KRF has iconized the DMIS standard, eliminating the requirement for the CMM programmer to write high-level code. Picture-programming in a vertical format provides a smart, friendly program interface and allows simplified program editing through cutting, pasting, copying and insertion functions. A double-click on a DMIS icon opens the DMIS window, displaying the underlying DMIS code. Children are taught to read before they learn to write, and the same principle is employed in Virtual DMIS. Its complete user interface utilizes DMIS terminology, which is in the form of easily decipherable abbreviations. As Microsoft iconized the DOS operating system with Windows, allowing the world to become PC-literate, the iconization of DMIS will dramatically change the uptake of DMIS.

Virtual DMIS is both an offline and online product that runs the CMM, enabling users to generate and simulate programs at their desks while allowing practical program verification on the shop floor and ensuring that modified programs are seamlessly available at both locations. This flexibility and range of applications is a first in the CMM industry. Because DMIS is based on a solid model CAD engine, users can pick nominal feature geometry directly from the CAD model. With a couple of mouse clicks, Virtual DMIS provides automatic measurement and program creation simultaneously.

CAD-based metrology is bringing a ten-fold productivity resolution to the CMM operation, dwarfing the CMM mechanical frame speed and acceleration enhancement upon which CMM manufacturers have been so focused in past years. This new level of productivity is one reason that it has become so popular to upgrade existing installed CMMs instead of purchasing new equipment. A Virtual DMIS retrofit can be added to a manual CMM for less than $15,000 or to a CNC CMM for about $40,000, a fraction of the cost of a new CMM.

Online Virtual DMIS help contains most of the DMIS standard, including programming syntax, and can be cut and pasted directly to a program in creation. Although this is a tool for the more advanced programmer, it's a good example of the tools being built into the next generation of CMM software products to further productivity.

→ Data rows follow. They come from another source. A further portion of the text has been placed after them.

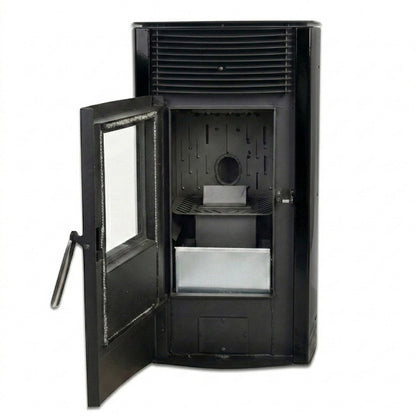Soba pe peleti KOPH PD 10 kW, 60 mp, Negru, cu Kit Complet: Stabilizator tensiune, Aspirator cenusa 1000W si Cos fum inox Ø80 mm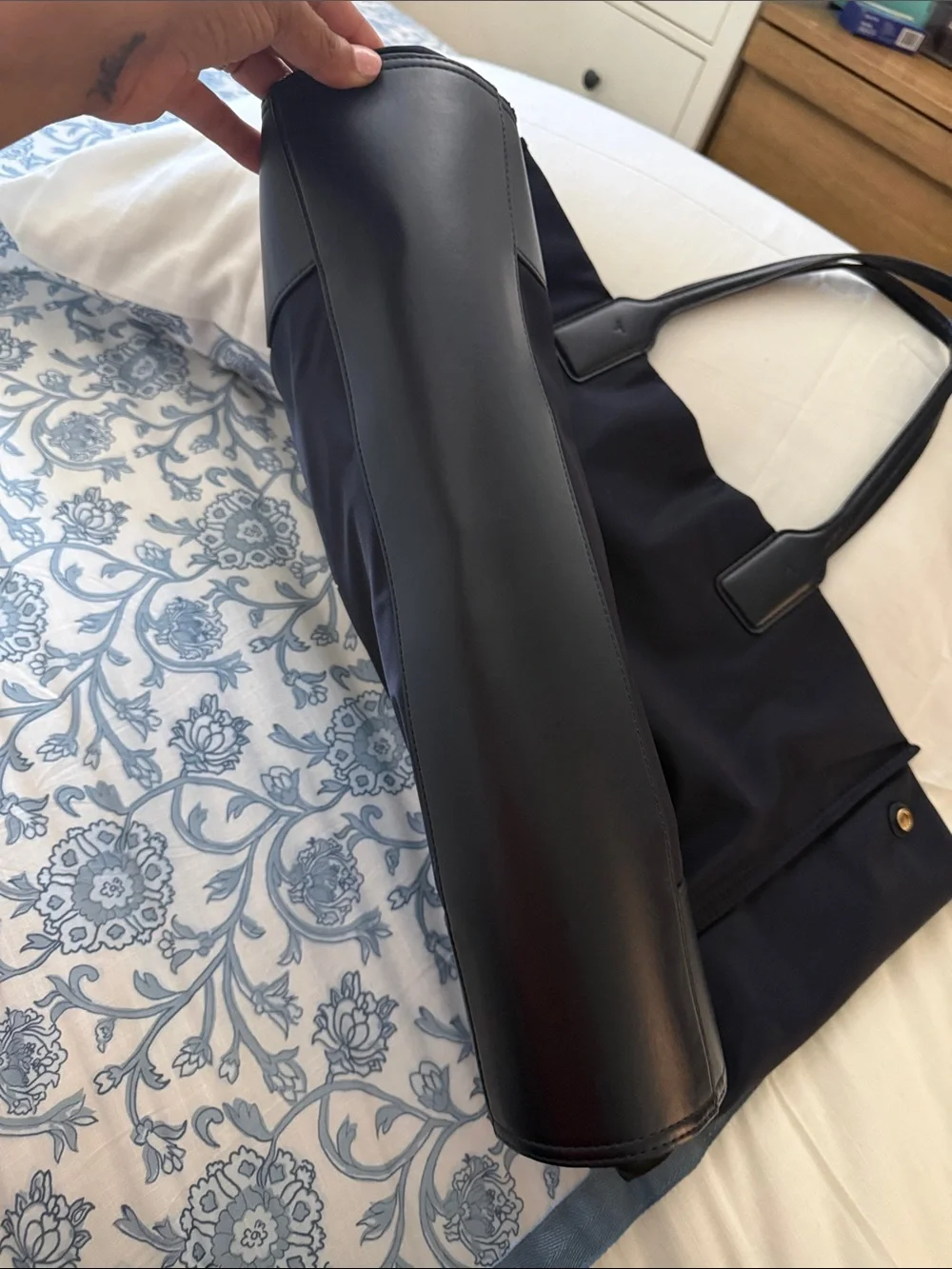 TORY BURCH ELLA LOGO TOTE NAVY BLUE SHOULDER BAG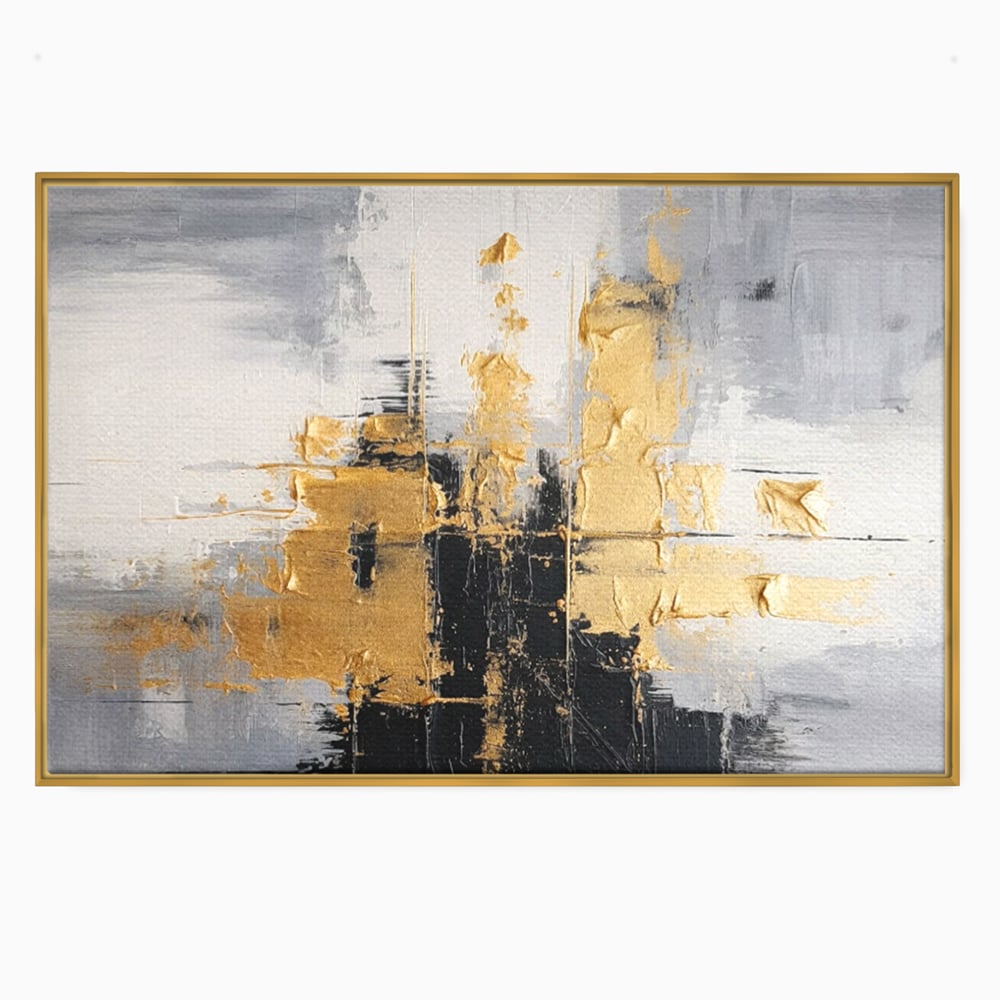 Tablou Canvas Premium, LuxCanva® C1292, Aurul care tine lumea, Geometrie, Culori, Abstract, Auriu, Gri, Negru, Linii, Straturi, Arhitectura, Ax, Rugaciune, Sacral, Decoratiune, Birou, Living, Dormitor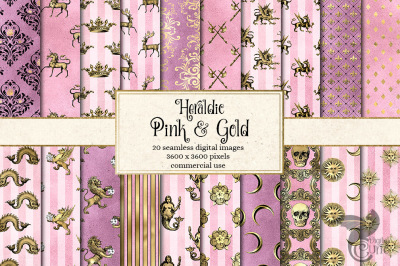 Heraldic Pink and Gold Backgrounds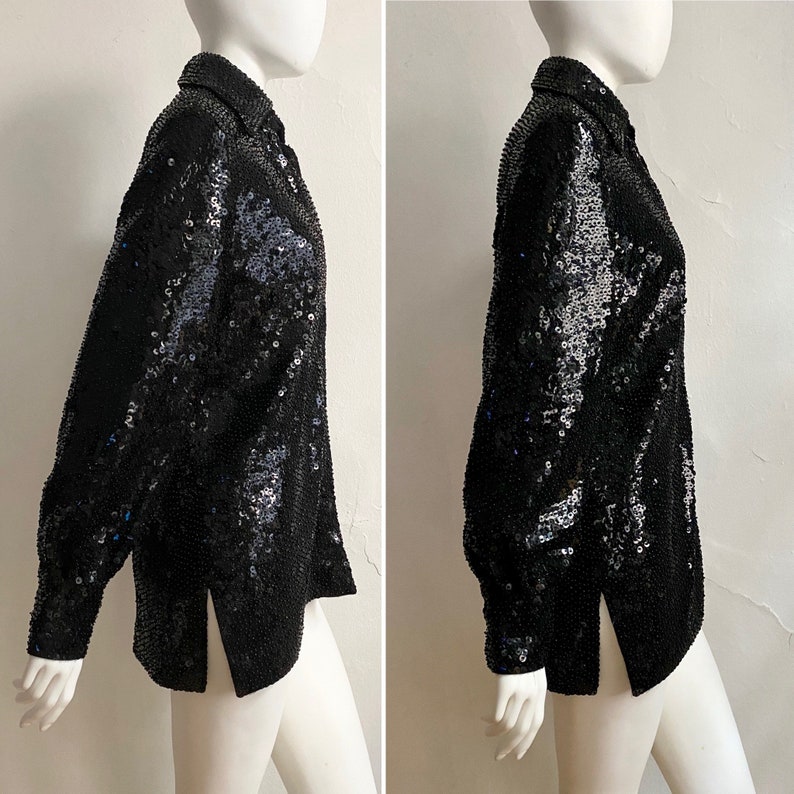 1960s VALENTINA Black Sequined Tunic Mod Blouse M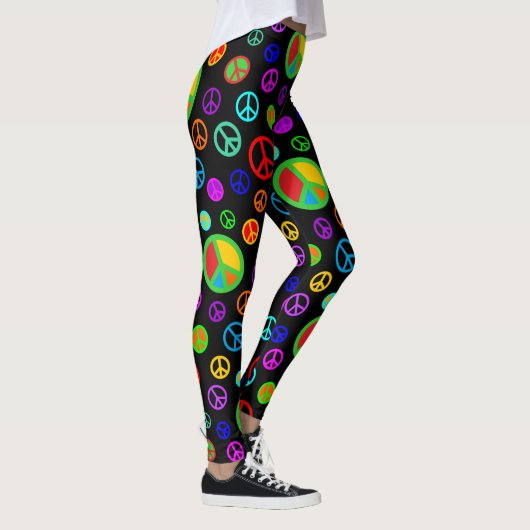 Leggings PEACE - motif plat multicolore + votre backgr. (Droite)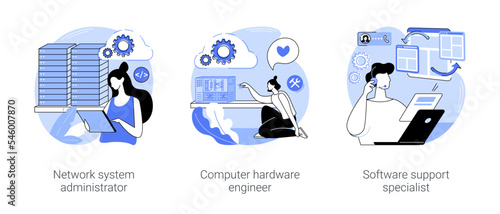 Network maintenance and administration isolated cartoon vector illustrations se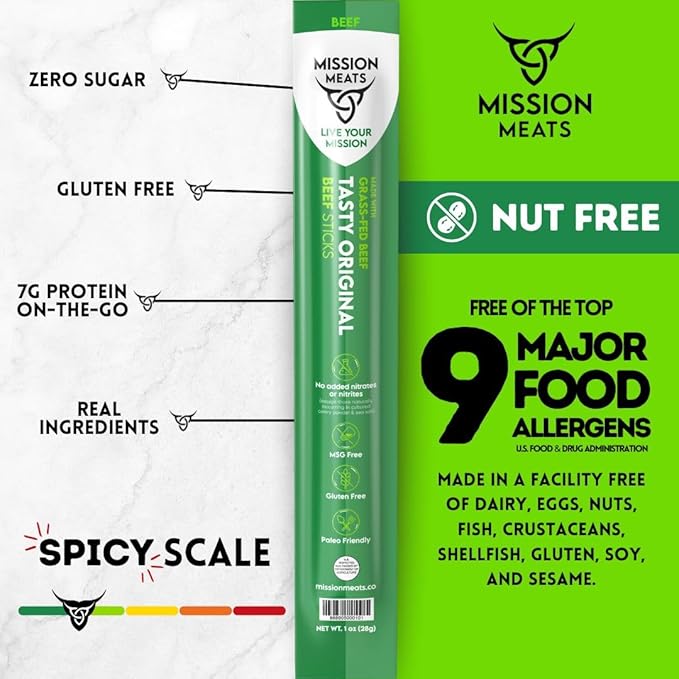 Mission Meats Beef Sticks – 100% Grass Fed & Pasture Raised, Sugar Free, Individually Wrapped Healthy Snacks, Whole 30 & Paleo Friendly, Original 1oz (Pack of 12)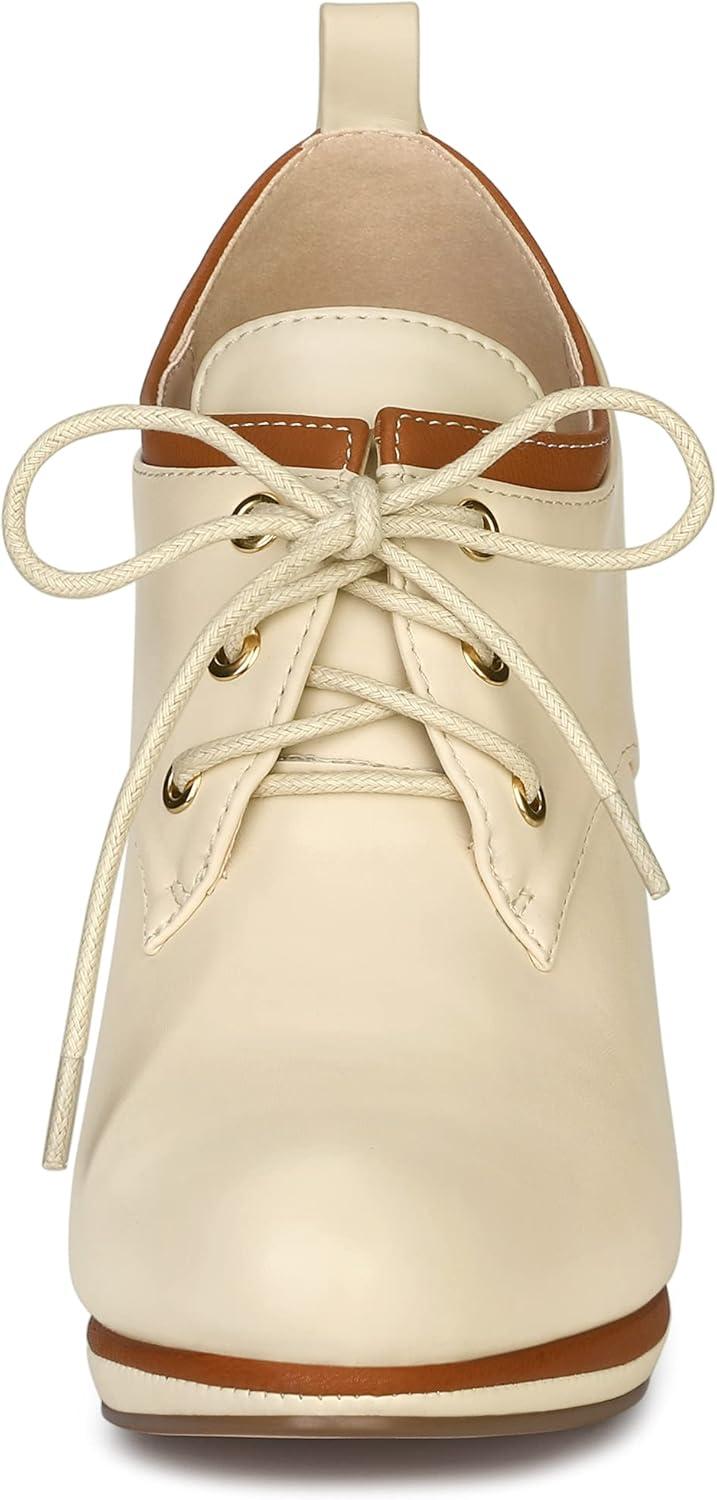 imageAllegra K Womens Platform Lace Up Chunky Heels Ankle BootsBeige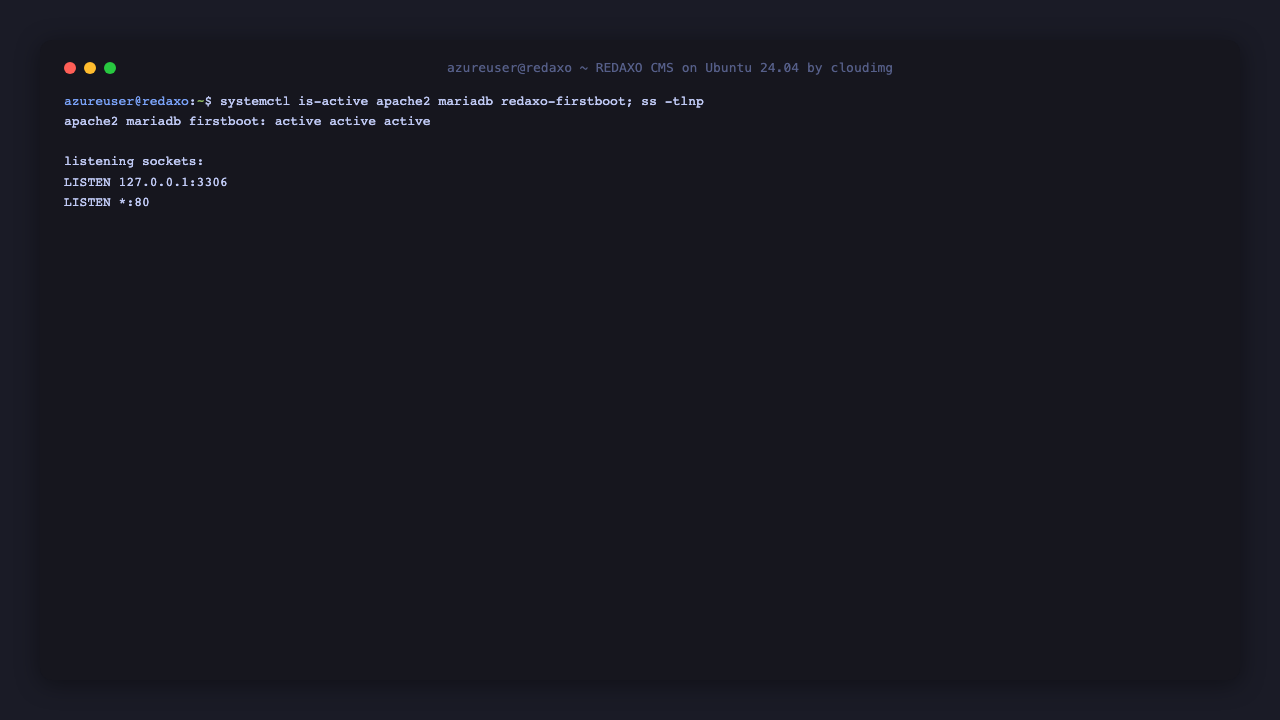 The apache2, mariadb and redaxo-firstboot services all reporting active, with Apache listening on port 80 and MariaDB bound to loopback 127.0.0.1:3306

Although all existing systems can't be replaced overnight, DMIS is changing the CMM-user's world. Buying a new CMM or upgrading an existing CMM today without DMIS is like buying a PC without a network card. You need your CMM to function not as an island but as an integral link in the ever more complex manufacturing chain.

Keith Mills
President,
International Metrology Systems

About the Author
The former president of Digital Electronic Automation, an original contributor to the DMIS specification; he was involved in the passing of the DMIS patent into the public domain.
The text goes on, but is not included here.